Keywords

1 Introduction

Customers’ passion for 3D video has constantly driven the advancement of 3D video coding technology. Two major 3D video formats have emerged for this demand, which are multi-view coding (MVC) and multi-view plus depth (MVD) [1]. The MVD format wins the other one at reconstructed visual quality of complex scene due to its extra depth maps that help synthesize virtual views, thus gaining increasing focus of the academic research and commercial solutions. However, compared to the traditional 2D video, the transferred MVD video is prone to develop heavier quality degradation caused by lossy networks for its extra views in single frame. Therefore, error concealment (EC) on received MVD videos is rather necessary to help mitigate this problem.

Related works about error concealment on MVD date back to early 2007. Depth-based boundary matching algorithm (DBMA) [2] was proposed, in which boundary matching algorithm (BMA) [3] was used to find candidate motion vector (MV) in depth view for recovering the corrupted texture view block. Similar works appeared lately, where MVs of the corrupted blocks in texture/depth view were fixed by using their correspondence in depth/texture view [4, 5]. However, the inconsistency between MVs in texture view and their correspondence in depth view was ignored in the above three methods. To overcome this, certain kinds of block classification were applied for better performance. Method in [6] classified the corrupted blocks into homogeneous blocks and boundary blocks, then used BMA and decoder motion vector estimation (DMVE) [7] to fix the homogeneous or boundary blocks respectively. It achieved better concealment quality compared to previous ones, but still lacked further exploiting relations between texture and depth views in MVD video. Methods in [8, 9] predicted the corrupted blocks’ prediction models by exploring relations between the 2 views, then proposed different concealment method for different prediction models. Furtherly, they gained increased concealment quality, but with the unacceptable computation time addition.
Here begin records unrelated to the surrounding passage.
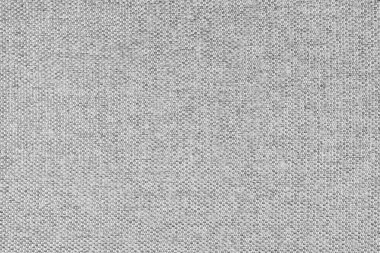 Doğal açık gri kabuklu kumaş ya da kumaşın yakın çekim dokusu. Doğal pamuk veya keten kumaş dokusu. Mavi tuval arka plan. Döşemeler ve mobilyalar için dekoratif kumaş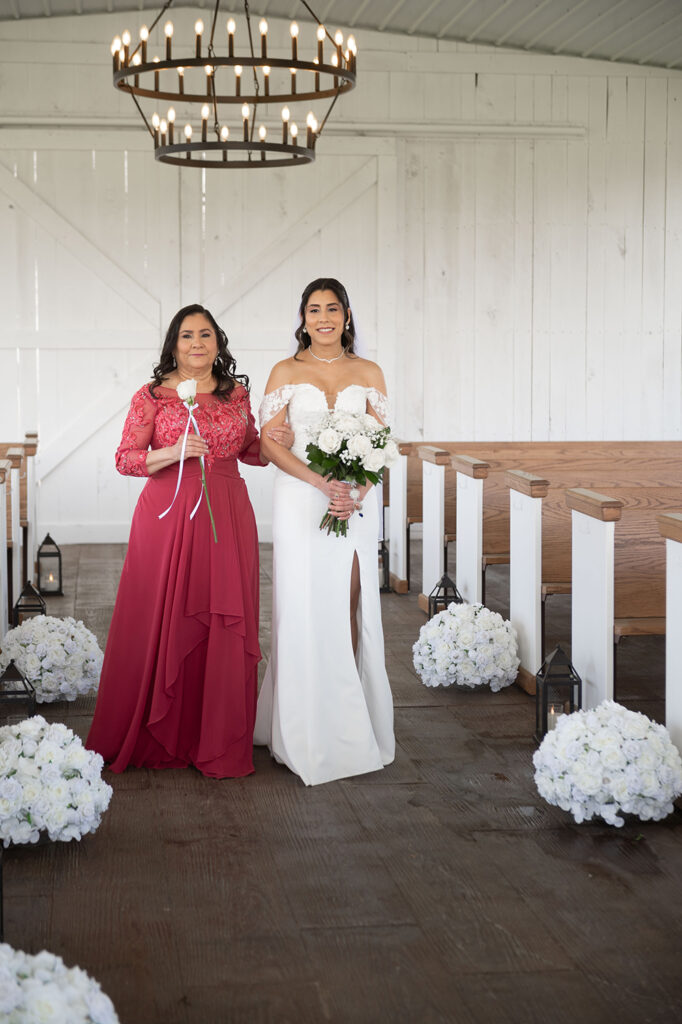 Bride walking down the aisle with soft sunlight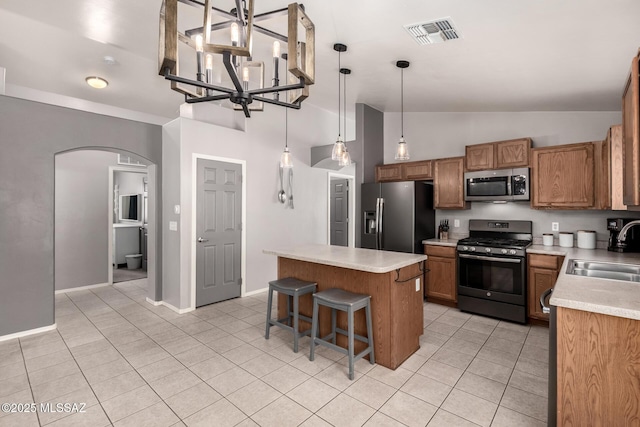 kitchen with visible vents, a sink, a kitchen island, stainless steel appliances, and arched walkways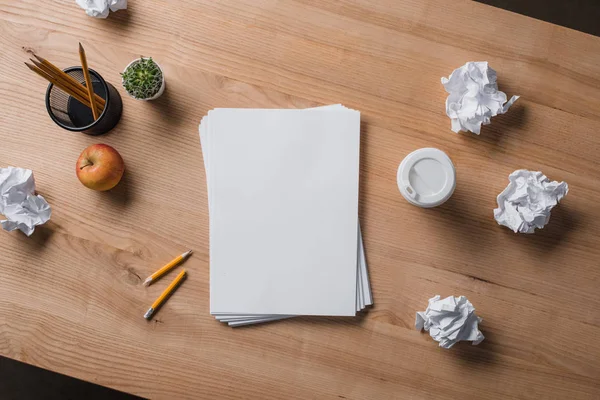 Top view of stacked blank papers on wooden table with crumpled papers — Stock Photo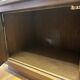 Vintage wooden and glass display cabinet, 15 shelves, gold background.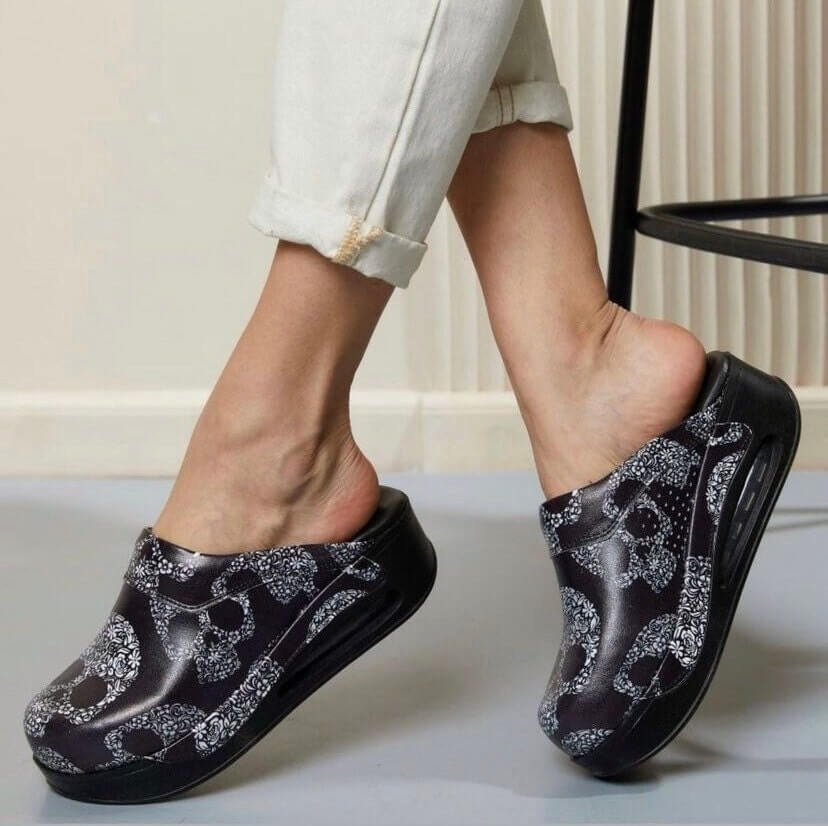 Front view of handmade skull design leather clogs with an Air Clogx sole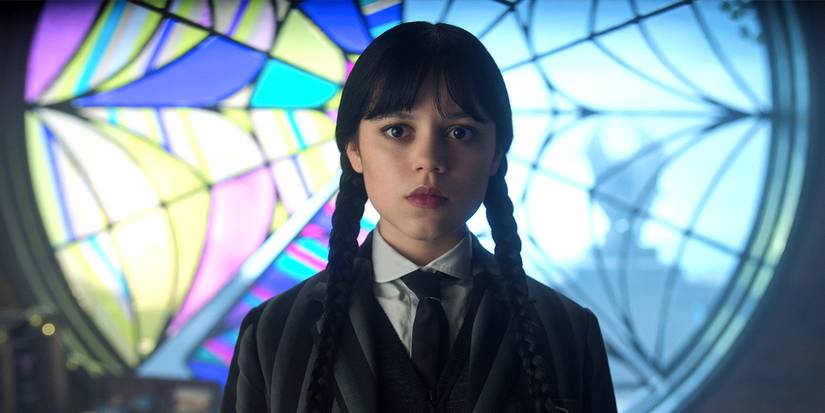 Jenna Ortega as Wednesday Addams in front of her and Enid's half-colored window in 'Wednesday'.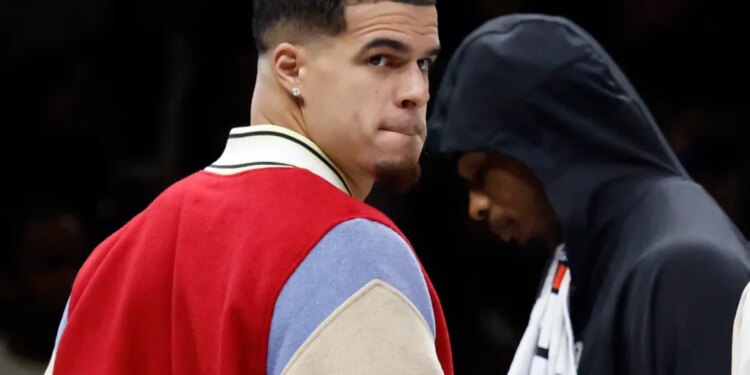 Brooklyn Nets player Michael Porter Jr. on the bench during a game.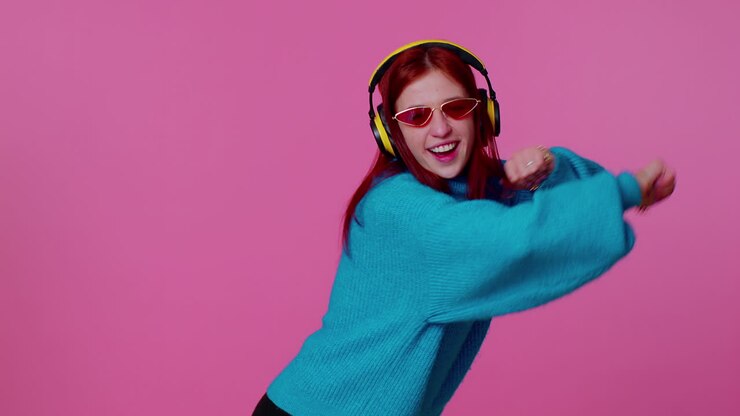 Cheerful attractive girl listening music via headphones and dancing disco fooling around having fun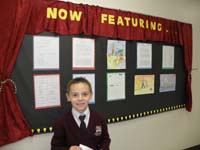 35-Kenny_in_front_of_the_'Now_Featuring...'_board_outside_class-two_of_the_eight_are_his-Wow-great_job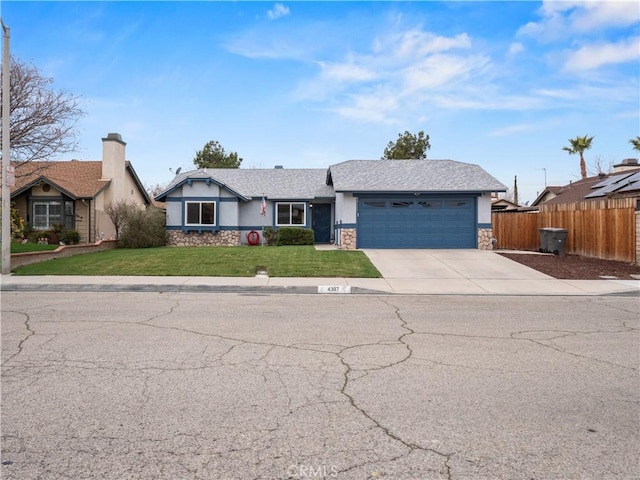 ranch-style home with a front yard, fence, an attached garage, stucco siding, and stone siding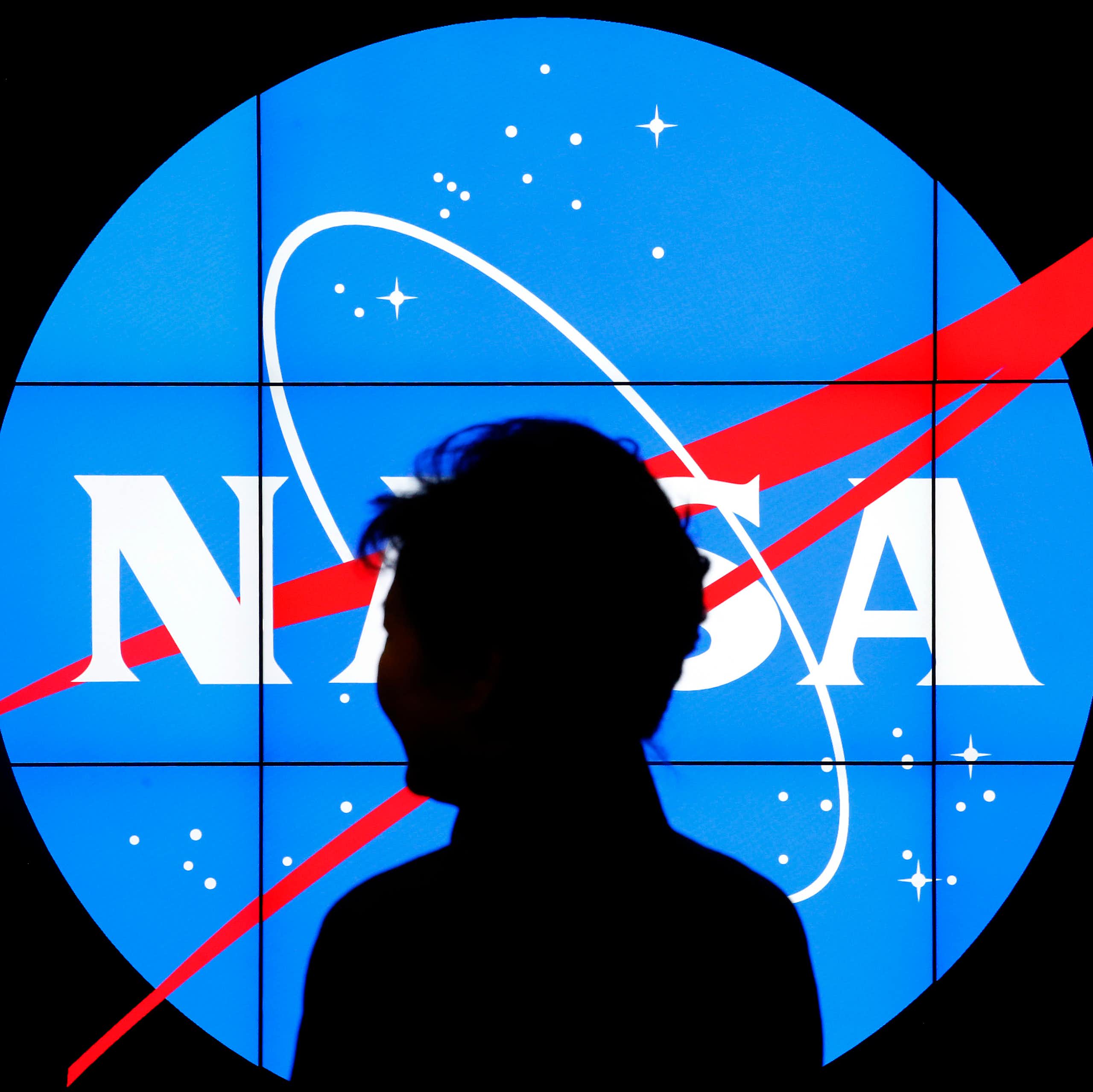 A figure silhouetted against a lit up NASA logo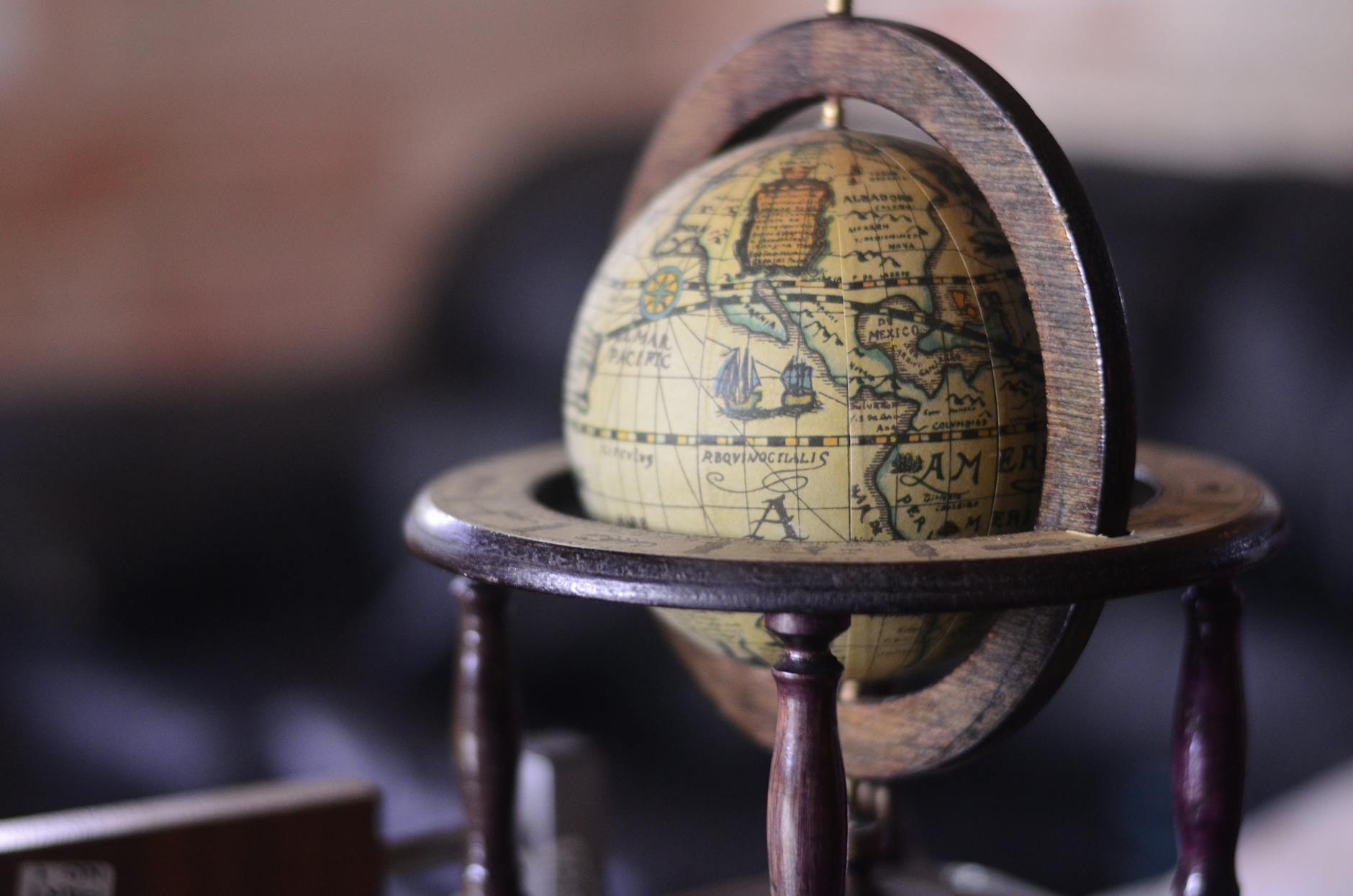 Close-up of a vintage wooden globe with antique map design, highlighting exploration themes.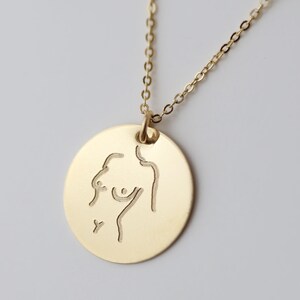 May include: A gold necklace with a round pendant featuring a line drawing of a person's torso.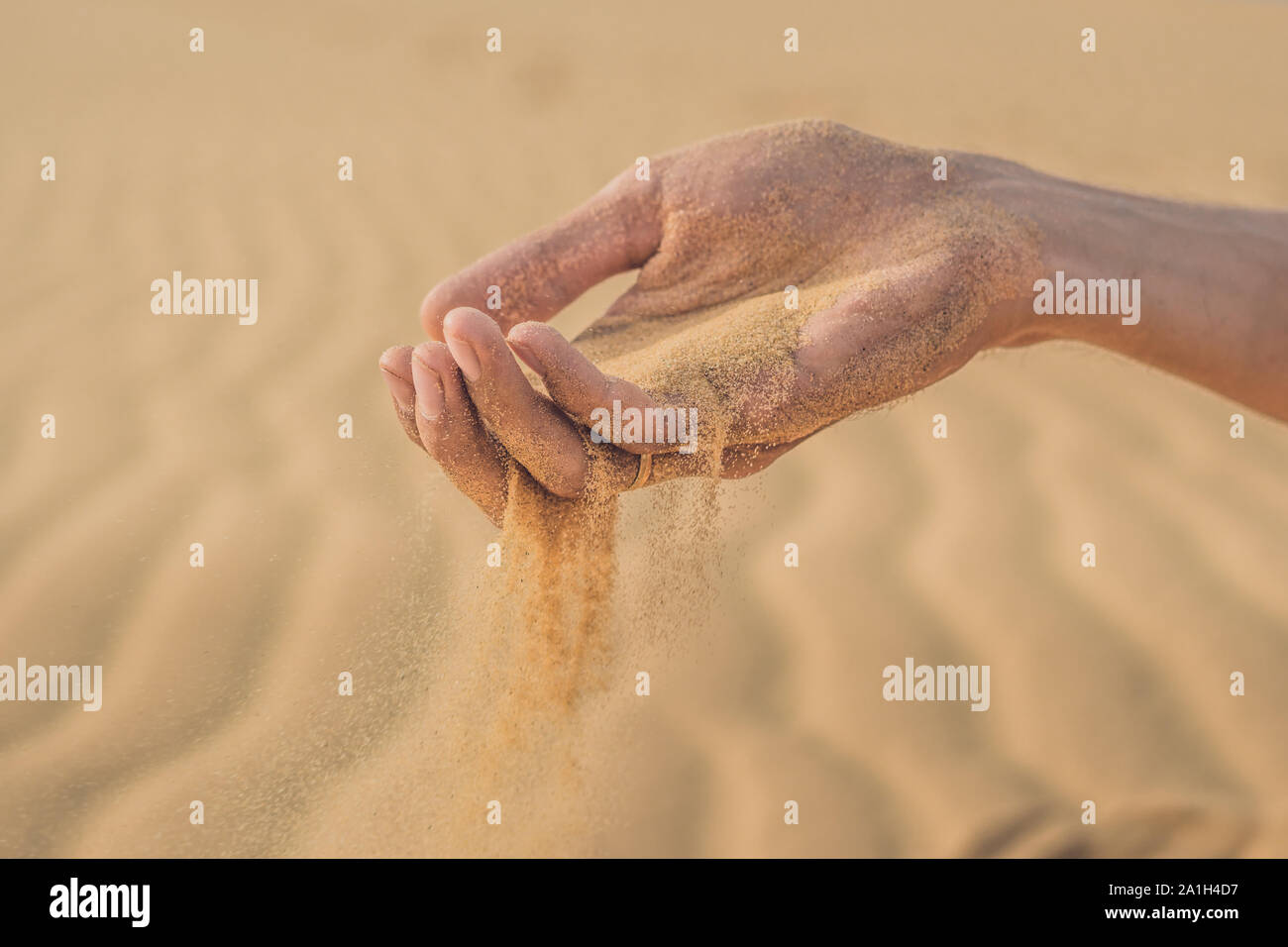 Deserto di sabbia, soffi attraverso le dita di una mano di un uomo. Foto Stock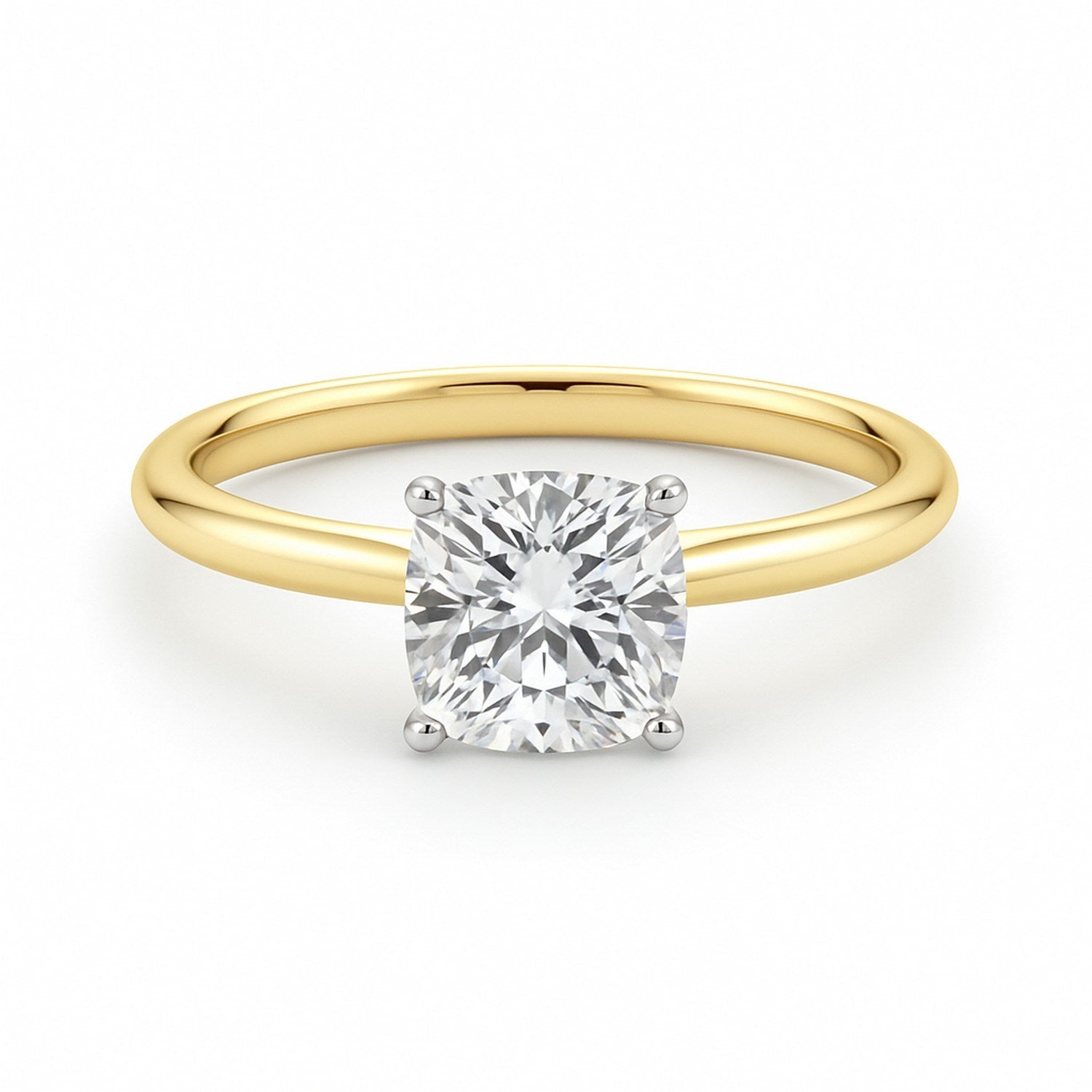 A cushion-cut lab-grown diamond ring with a yellow gold band and white gold prongs.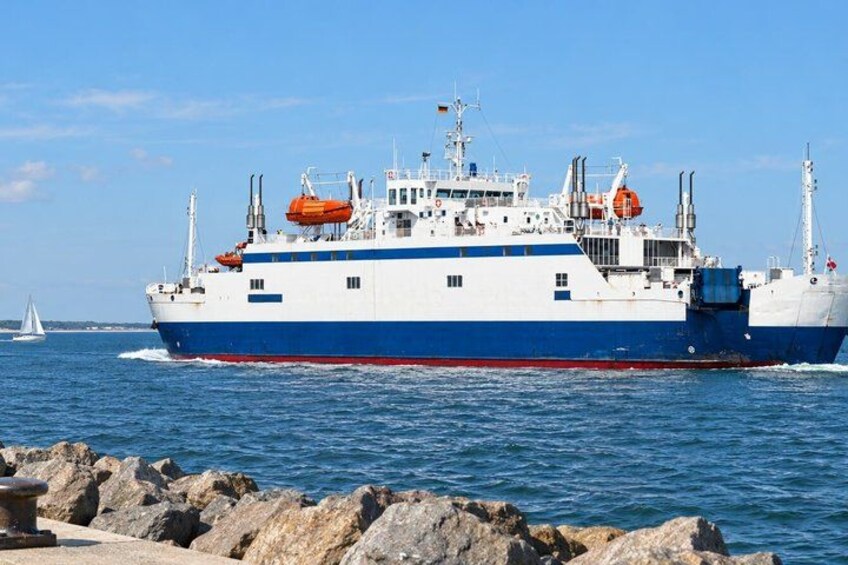 A large cargo ship with blue and white hulls, orange lifeboats, and a clear sky in the background. 2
Our proposed method, which was enlightened by [9], makes further improvements on concealment efficiency. Instead of dividing corrupted blocks into simple or complex ones as described in [9], a second motion-based block type classification is carried out in our purposed view-specific methods. This classification varies in each of the views, catering each view’ own characteristics. In our method, firstly, corrupted blocks are classified into two major kinds, static blocks and motional blocks. Static blocks are concealed by simply reusing collocated contents (MVs or pixel patches) from their reference frames, which largely reduce the complexity of our method. The concealment of motional blocks is related to the unique characteristics of the views they belong to. Specifically, motional blocks in different views should be concealed in view-specific ways for better overall quality enhancement and lower computation time. As texture views include complex color pattern and splines, for blocks in texture views, further size classification is executed instead to exploit the spatial relations of each block for better concealment quality. Contrary, depth views only contain simple objects and splines, so blocks in depth views should receive a secondary MV-related classification to further exploit temporal relations inside the video, attempting to reduce the overall time cost of our proposed method.

This paper is organized as follows. Section 2 describes the proposed hybrid error concealment method for MVD video. Experimental results are presented and analyzed in Sect. 3. Section 4 is the final conclusion part.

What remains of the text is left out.